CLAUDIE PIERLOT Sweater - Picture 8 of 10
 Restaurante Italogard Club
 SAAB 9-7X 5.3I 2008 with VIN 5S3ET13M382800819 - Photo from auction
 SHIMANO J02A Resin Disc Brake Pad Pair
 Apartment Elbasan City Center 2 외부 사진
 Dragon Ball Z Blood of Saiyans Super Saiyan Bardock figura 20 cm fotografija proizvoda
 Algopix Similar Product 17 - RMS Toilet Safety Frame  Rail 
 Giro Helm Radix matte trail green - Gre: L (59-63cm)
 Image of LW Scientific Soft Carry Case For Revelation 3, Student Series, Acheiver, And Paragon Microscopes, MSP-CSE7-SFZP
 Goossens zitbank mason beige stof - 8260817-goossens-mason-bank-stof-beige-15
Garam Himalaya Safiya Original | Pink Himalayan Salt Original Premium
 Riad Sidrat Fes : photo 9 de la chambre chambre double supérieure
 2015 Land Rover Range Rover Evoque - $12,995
━━━━━━━━━━
Aim of the exercise: Set down, exactly as they appear, the lines above from the first one to the line that holds "Goossens zitbank mason", both included, please, and no others.

Exercise response:
CLAUDIE PIERLOT Sweater - Picture 8 of 10
 Restaurante Italogard Club
 SAAB 9-7X 5.3I 2008 with VIN 5S3ET13M382800819 - Photo from auction
 SHIMANO J02A Resin Disc Brake Pad Pair
 Apartment Elbasan City Center 2 외부 사진
 Dragon Ball Z Blood of Saiyans Super Saiyan Bardock figura 20 cm fotografija proizvoda
 Algopix Similar Product 17 - RMS Toilet Safety Frame  Rail 
 Giro Helm Radix matte trail green - Gre: L (59-63cm)
 Image of LW Scientific Soft Carry Case For Revelation 3, Student Series, Acheiver, And Paragon Microscopes, MSP-CSE7-SFZP
 Goossens zitbank mason beige stof - 8260817-goossens-mason-bank-stof-beige-15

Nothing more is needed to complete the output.